Ahmad Hossam Mido, ancien joueur de Zamalek et de l’équipe nationale égyptienne, a révélé une situation choquante : son fils, qui n’a pas encore atteint l’âge de la majorité, pratique des jeux de pari. Mido a exprimé son inquiétude lors de son émission, notant qu’un site de paris est largement accessible aux enfants et aux adolescents, ce qui a conduit à l’émergence de milliers de jeunes pariant presque quotidiennement sur les matchs.
Réadapter la loi
Une situation alarmante qui a poussé le ministère des Télécommunications et de la Technologie de l’information à lancer des campagnes de sensibilisation à travers les médias pour informer la population des risques des paris en ligne. Dr Ahmed Atef, expert juridique, rappelle que les paris et les jeux d’argent sont interdits par la loi égyptienne, selon l’article 352 du code pénal. Or, cette loi date de 1955. « Il faut donc, avec les progrès technologiques et la naissance des jeux de hasard en ligne, y compris les paris sportifs, entreprendre un ajustement », assure-t-il.
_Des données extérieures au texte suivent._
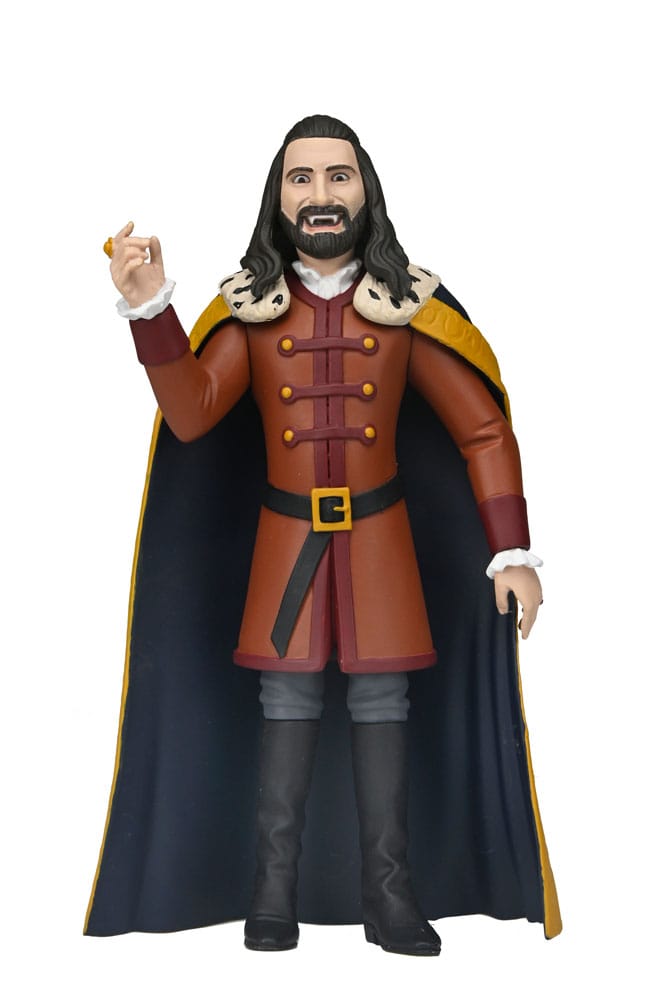 Toony Terrors assortiment figurines 15 cm What We Do In The Shadows Series 11 (15)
Une raison pour laquelle le Parlement égyptien a récemment tenu quatre réunions d’urgence avec l’Autorité nationale de régularisation des télécommunications ayant abouti à une recommandation stipulant la censure de tout ce qui représente un danger pour la société dans les sites de paris en ligne qui sont interdits par la loi 175 sur la cybercriminalité de l’année 2018. « La peine de la contravention de la loi interdisant le pari en ligne peut passer de trois ans à la réclusion à perpétuité », affirme Dr Atef, tout en faisant allusion à la plateforme de paris en ligne sur le football qui avait escroqué, en mars dernier, environ 70 000 utilisateurs en Egypte, en récoltant près de 500 millions de L.E. Autre problème, la majorité des sites de paris sur le football sont des sites étrangers, échappant ainsi à la législation égyptienne.
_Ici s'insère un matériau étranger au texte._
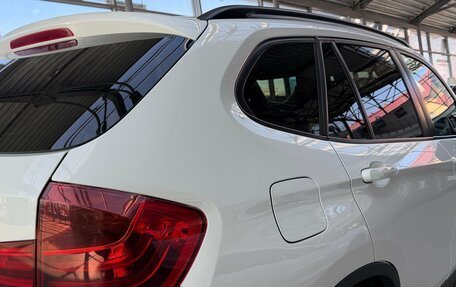 BMW X1, 2013 год, 1 750 000 рублей, 13 фотография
Quant à Dar Al-Iftaa, l’instance a précisé dans un communiqué publié sur sa page Facebook que « si la participation à un concours de prédictions sportives implique une mise d’argent, il s’agit alors de paris interdits. Cependant, si cette participation est gratuite et repose sur des études et analyses logiques, elle est permise ». Abdel-Khaleq Al-Ateifi, directeur général au ministère égyptien des Waqfs, affirme que ces paris sont une forme de jeu prohibée par la loi islamique, voire considérée comme un péché majeur. Etant donné que cela entraîne des dommages sociaux considérables pour les personnes impliquées et impacte négativement les revenus financiers des familles, entraînant ainsi des dettes. « Ô les croyants ! Le vin, le jeu de hasard, les pierres dressées, les flèches de divination ne sont qu’une abomination, oeuvre du Diable (Satan). Ecartez-vous-en, afin que vous réussissiez », cite-t-il le verset 90 de la sourate Al-Maidah, tout en insistant sur la nécessité d’une prise de conscience collective, tant de la part des familles que des instances sportives et gouvernementales. « Le défi consiste à trouver un équilibre entre la prévention, l’éducation et la régulation des paris en ligne pour protéger les plus vulnérables », conclut le cheikh Al-Ateifi.